Speaking of Ray’s power. Tomorrow we’re closing this little feature with the best song of the night. It was a moment, and I can’t wait to watch it again.

Back to the Re-Listening project, and we have a lot of catching up to do from the long car ride. Let’s chip away, shall we? (I’m still a dozen discs behind.) Remember, I am listening to all of my old CDs, in the order in which I acquired them, and trying to think of something to write about them here, while I embed videos from YouTube.

Fiona Apple’s “When the Pawn…” was released in November 1999, the second studio album for the young phenom. She won a Grammy for a debut record in 1997, which came out when she was 20. The followup got two more Grammy nominations. Spin magazine called it the the 106th greatest of the last quarter century in 2010. For Slant Magazine it was listed as the 79th best album of the 1990s. No less than Rolling Stone ranked “When the Pawn…” at number 108 on its 2020 “500 Greatest Albums of All Time” list. It finally went platinum that same year.

To me, her debut, “Tidal” is an incredible record. And more than a quarter of a century later it still feels fresh and raw, sure, but also accomplished and something which demands attention. “When the Pawn …,” however, easy to have on in the background without notice. I don’t write the Re-Listening project entries as reviews, of course, but usually try to associate them with some silly memory or odd bit of personal trivia. But I can’t think of a single thing that goes along with this record. I can’t even recall hearing it in the car this time around, though I know I was in Ohio at the time, and that was just two weeks ago. (To be fair, I was very tired, and probably distracted.)

The next thing on the playlist was another sophomore release, Filter’s “Title of Record.” They got good alt radio airplay, and even MTV spun their video, and so they moved more than 800,000 copies between August 1999 and early 2001. Sometime after, they went platinum.

Three singles, but I only bought it for one, a good belt-out track. I was apparently not alone in that. This song climbed into the top-20 on nine different international charts. Domestically, “Take A Picture” reached number 12 on the US Billboard Hot 100, topped the Billboard Hot Dance Music/Club Play chart and peaked at number four on the Billboard Mainstream Rock Tracks chart and landed at third on the Modern Rock Tracks chart at number three. It also settled at number seven on the Adult Top 40, and number 15 on the Mainstream Top 40 at number 15. The year 2000 was a good year for Filter, one hopes.

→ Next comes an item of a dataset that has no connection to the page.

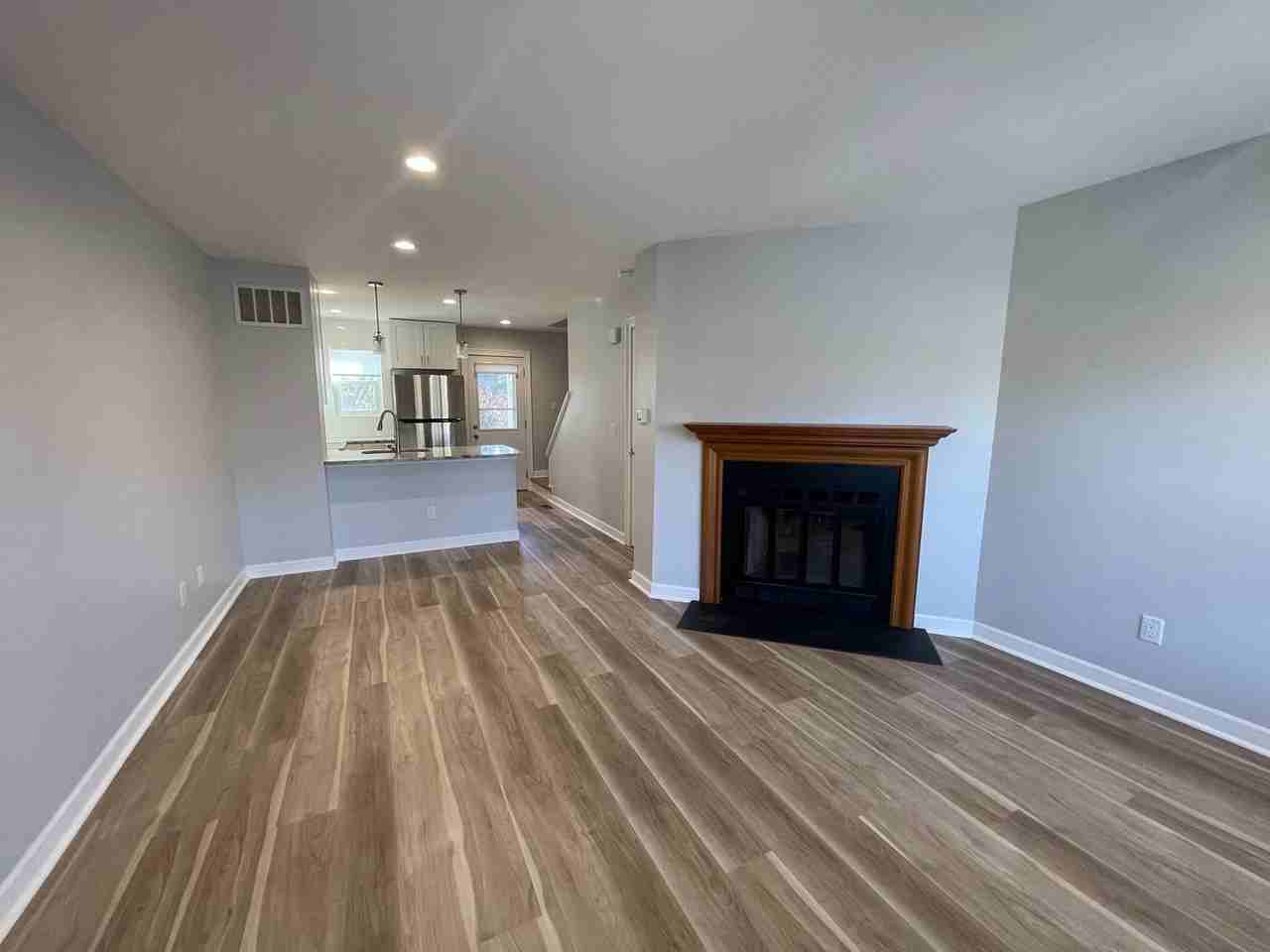 8072 Wimbledon Dr - Photo 2 of 11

I was in a grocery store parking lot, a Meijer, in Middletown, Ohio when that sixth track came on. (Their next show, in August, is at a festival in Ohio.) It’s always been a car track to me, and so this was appropriate, even if I was riding at a parking lot speed as opposed to the usual interstate speed.

Funny how I think of almost every car song as being heard on only really fast roads. High(er) speeds just go with music, and most of the commutes of my life.

Let’s do one more CD, just to get it out of the way. After Filter there was Third Eye Blind’s “Blue.” Didn’t care for it when it came out — if I know how much airplay they were going to get I would have not purchased it — and I don’t care for it now.

That was quick. But not interstate quick.